-- Opening Marker --

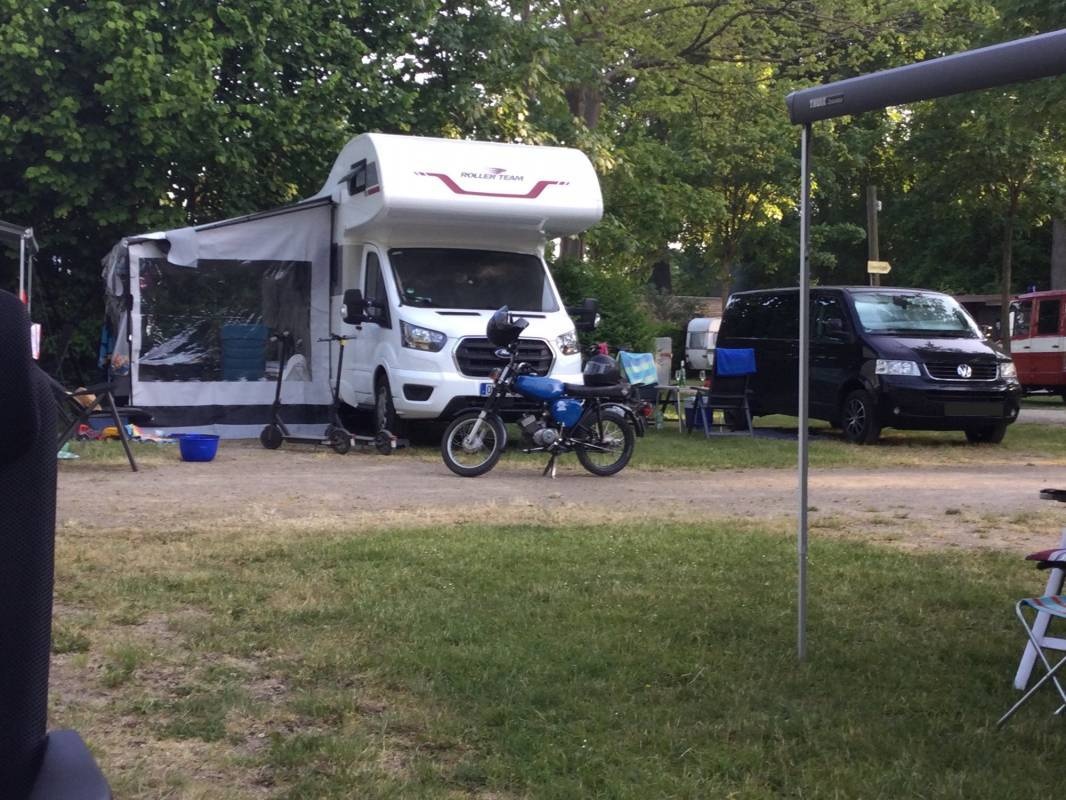 Ferienpark Seehof — Campingplatz in Seehof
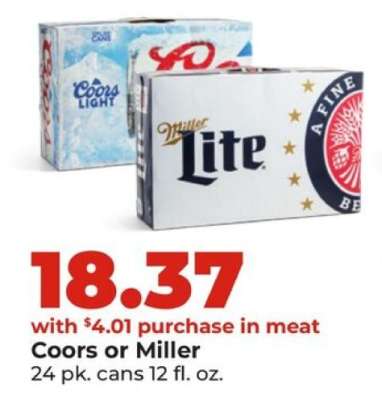 Coors or Miller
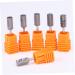 minkissy Cuticle Nail Bit Cuticle Drill Nail Drill Tips Nail Drill Bits Cuticle Bit Nail Bits Nails Drill Bits Nail File Bits Manicure Drill Bits Tungsten Steel Grinding Head - Buy Online on GoSupps.com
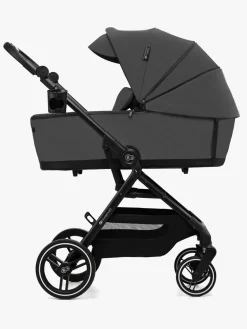 Duo- & Kombivogne|Kinderkraft YOXI 2-in-1 Duovogn, Moonlight Grey Grå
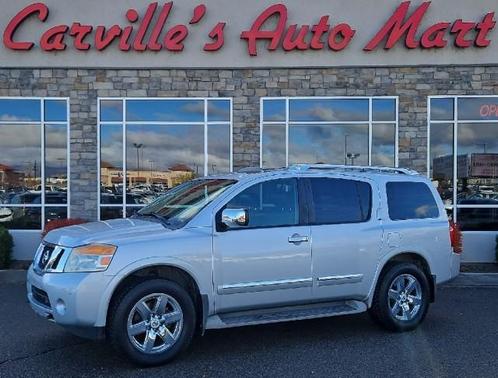 2013 Nissan Armada Platinum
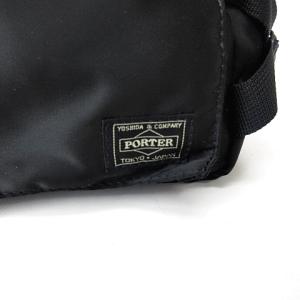 PORTER 622-68302 TANKER ウエストバッグ ナイロン ブラック
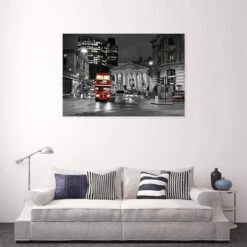London Street -WALL ART DESGIN SALE london street canvas stretched canvas 45x30cm 467643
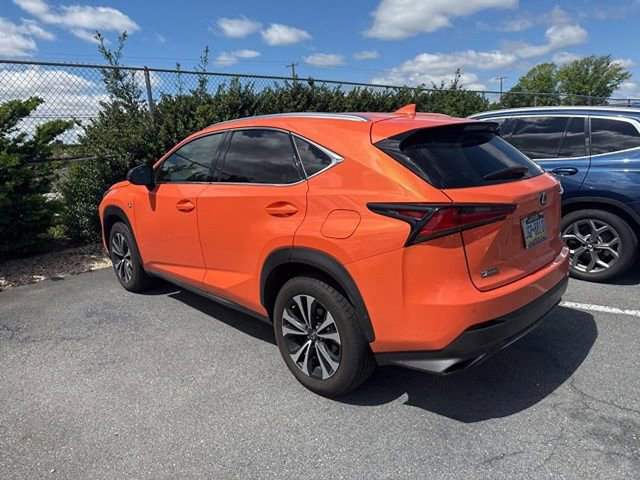 Used 2018 Lexus NX 300 F Sport w/ F Sport Premium Package AWD/4WD image 4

-- Closing Marker --

— Exercise aim —
Nothing but the lines from the one containing "2013 Nissan Armada Platinum" through the final line of the entries above should be given again, each exactly as written; omit the pictures.

— Task result —
 2013 Nissan Armada Platinum
 PORTER 622-68302 TANKER ウエストバッグ ナイロン ブラック
London Street -WALL ART DESGIN SALE london street canvas stretched canvas 45x30cm 467643
 Used 2018 Lexus NX 300 F Sport w/ F Sport Premium Package AWD/4WD image 4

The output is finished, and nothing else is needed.